### Extracted data
+++++

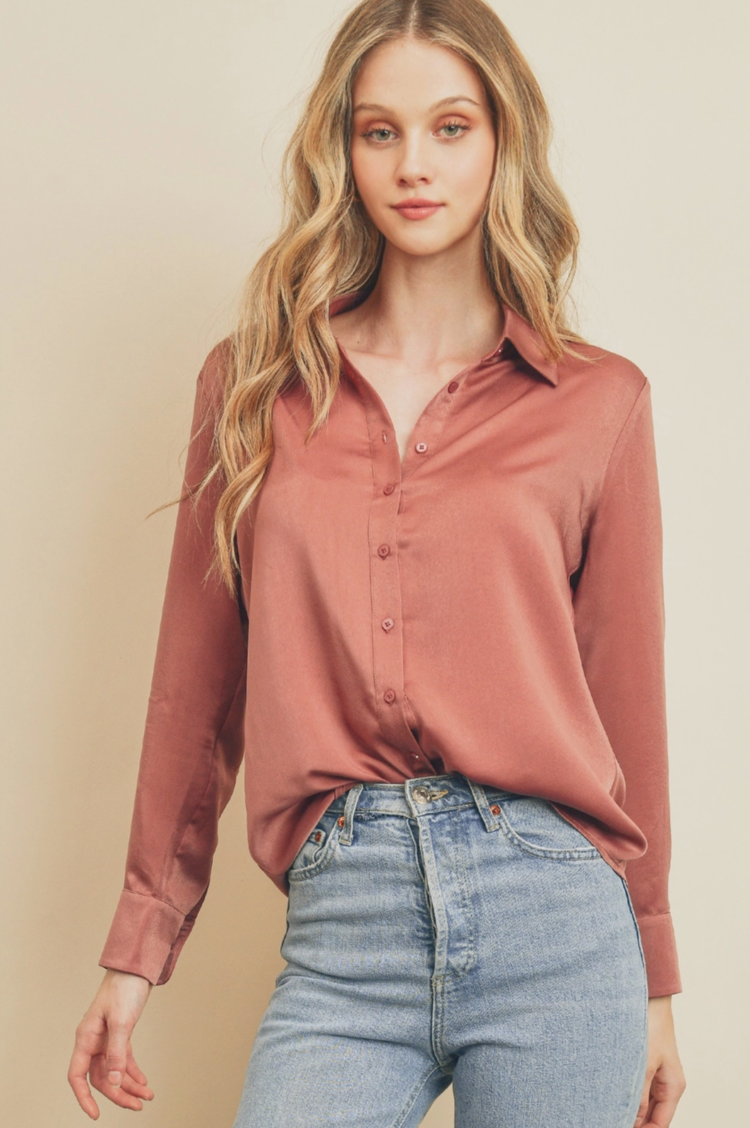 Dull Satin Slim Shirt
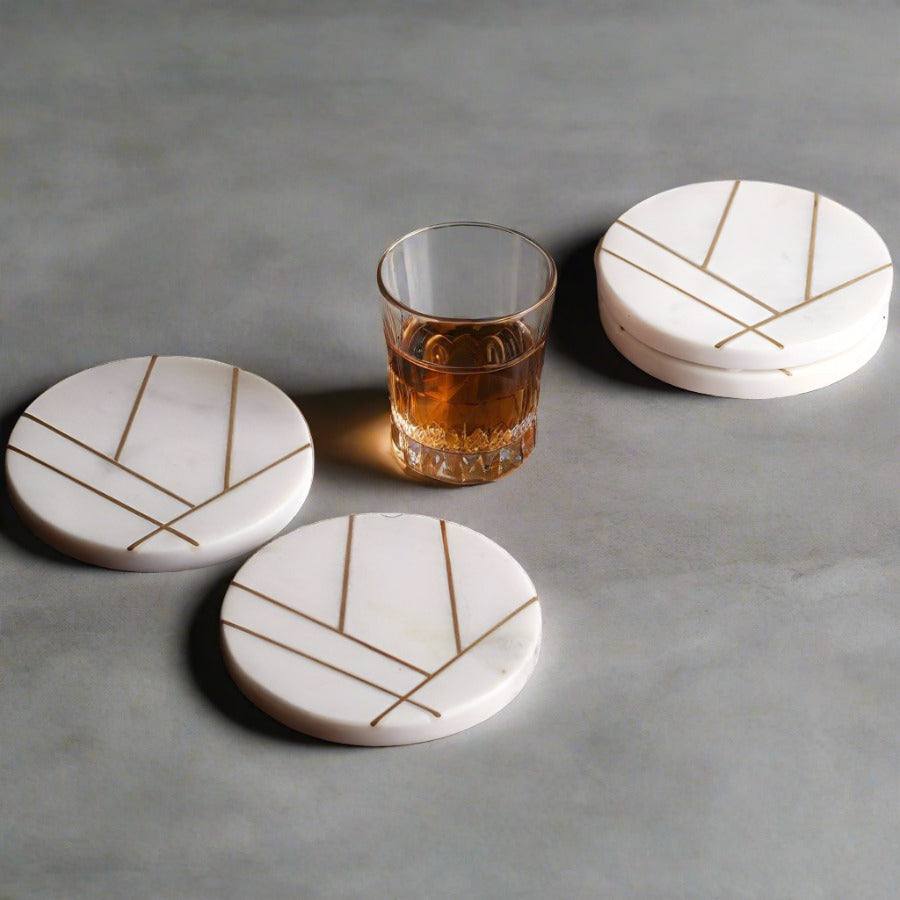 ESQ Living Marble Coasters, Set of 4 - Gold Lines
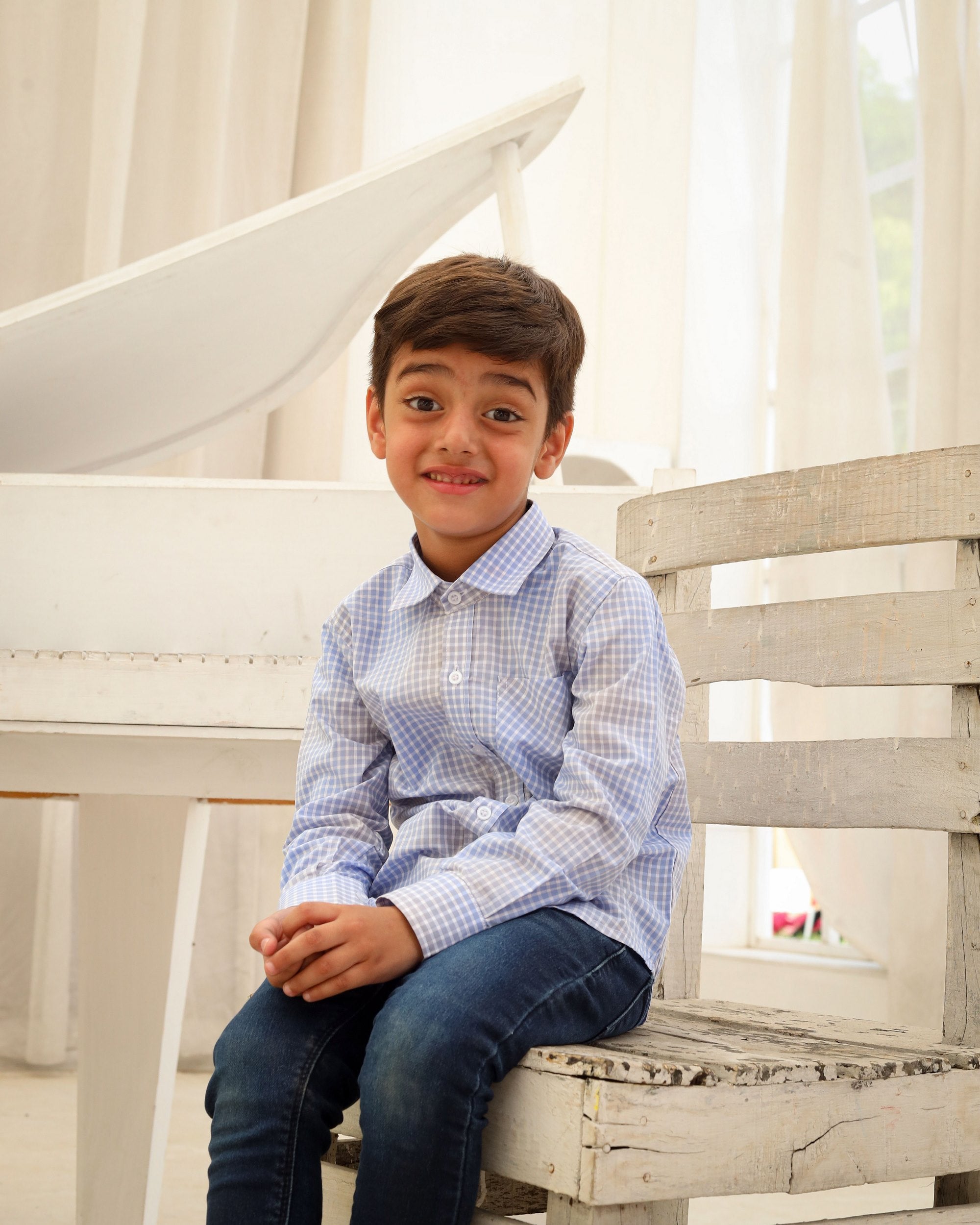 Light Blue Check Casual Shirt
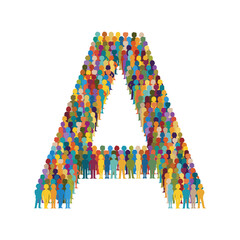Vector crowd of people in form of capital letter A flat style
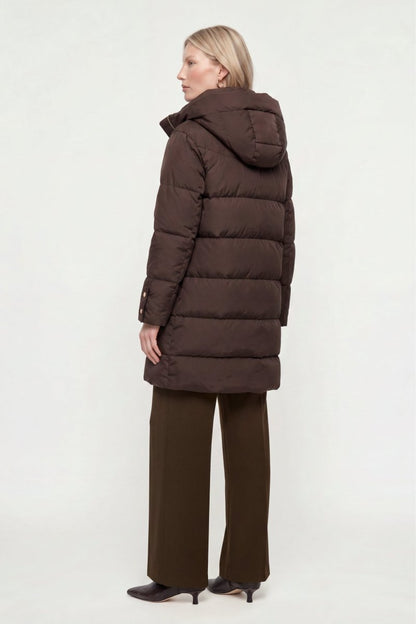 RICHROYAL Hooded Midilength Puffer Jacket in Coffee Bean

+++++

### Task goal
Every line of the listing should be repeated exactly; no picture should appear.

### Solved problem
 Dull Satin Slim Shirt
 ESQ Living Marble Coasters, Set of 4 - Gold Lines
 Light Blue Check Casual Shirt
Vector crowd of people in form of capital letter A flat style
 RICHROYAL Hooded Midilength Puffer Jacket in Coffee Bean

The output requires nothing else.